When is $\int_{\vec{x} \in X} \langle \vec{x}, \vec{v} \rangle$ where $X$ is a closed path in the unit sphere zero?
I was about thinking equations for great circles in different coordinate systems and came across a nice characterization in $\mathbb{R}^3$.
Let $S$ be the unit sphere.
Suppose $X$ is a closed path in $S$.
I claim that $X$ is a great circle if and only if there exists some $\vec{v}$ such that $\langle \vec{x}, \vec{v} \rangle = 0$ for all $\vec{x}$ in $X$.
As proof, a great circle is an intersection of a plane with $S$. If $\vec{n}$ is the normal vector associated with the plane, then the line generated by $\vec{n}$ intersects $S$ in exactly two places.
When $X$ is a great circle, then $\int_{\vec{x} \in X} \langle \vec{x}, \vec{v} \rangle$ would be $0$ because the value of each component is zero. (Also, if people don't like this integral, I think I can paraphrase it away using an arc-length parameterization of $X$.)
I'm curious under what other circumstances the value of that integral can be zero.
By linearity of integration one has \begin{equation} \int_{\vec{x} \in X} \langle \vec{x}, \vec{v} \rangle = \left \langle \vec{v}, \int_{\vec{x} \in X} \vec{x} \right \rangle = \langle \vec{v}, \vec{x}_I\rangle \end{equation} where $\vec{x}_I = \int_{\vec{x} \in X} \vec{x}$. From the last expression we see that the integral is $0$ if and only if $\vec{x}_I = \vec{0}$ or is orthogonal to $\vec{v}$.

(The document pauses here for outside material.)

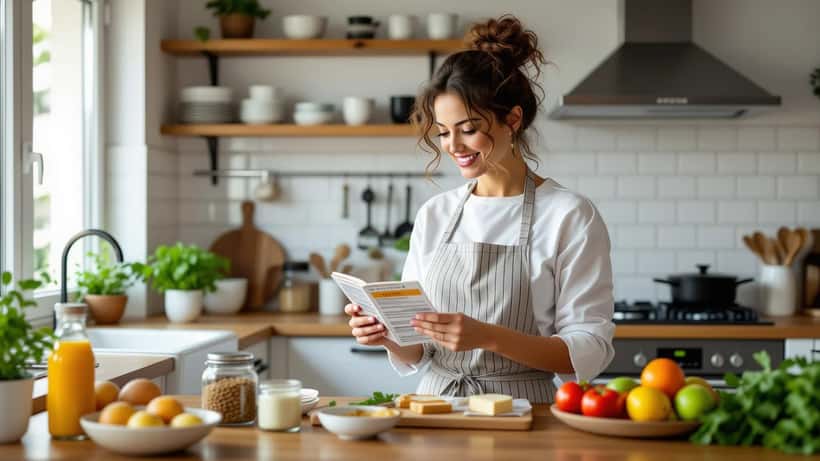 Nutritionniste examinant des étiquettes alimentaires et des sucres cachés dans une cuisine parisienne
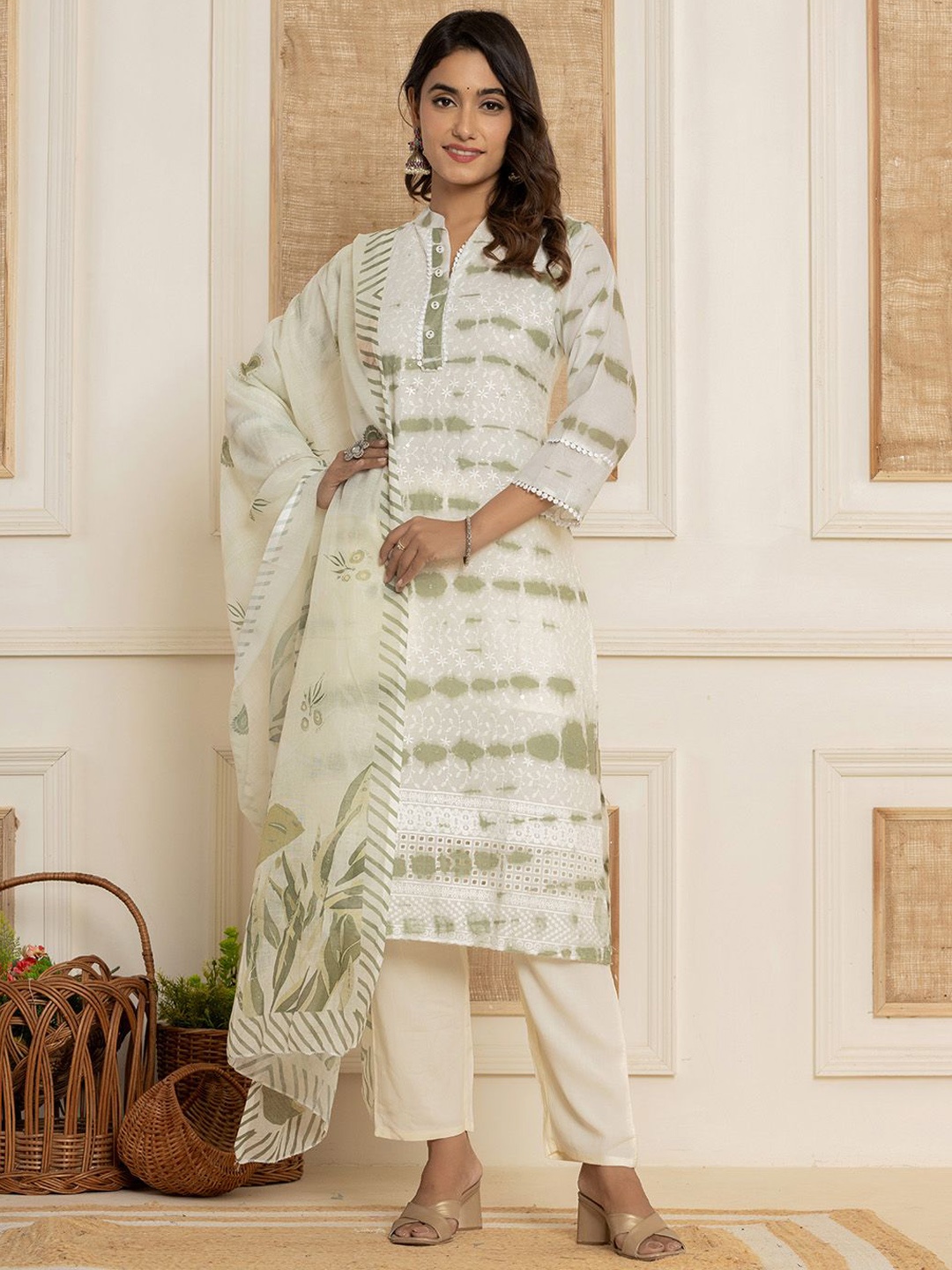 

Yufta Women Chikankari Pure Cotton Kurta with Trousers & With Dupatta, White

If you think of the sphere in $\mathbb{R}^3$, and choose $v$ to be pointing to the north pole, then all of the rings of latitude will also integrate to 0.
There are a lot of other things where the integral is 0, but it's not clear to me that there are any nicer conditions than saying the integrated vector needs to be 0 or orthogonal to $\vec{v}$.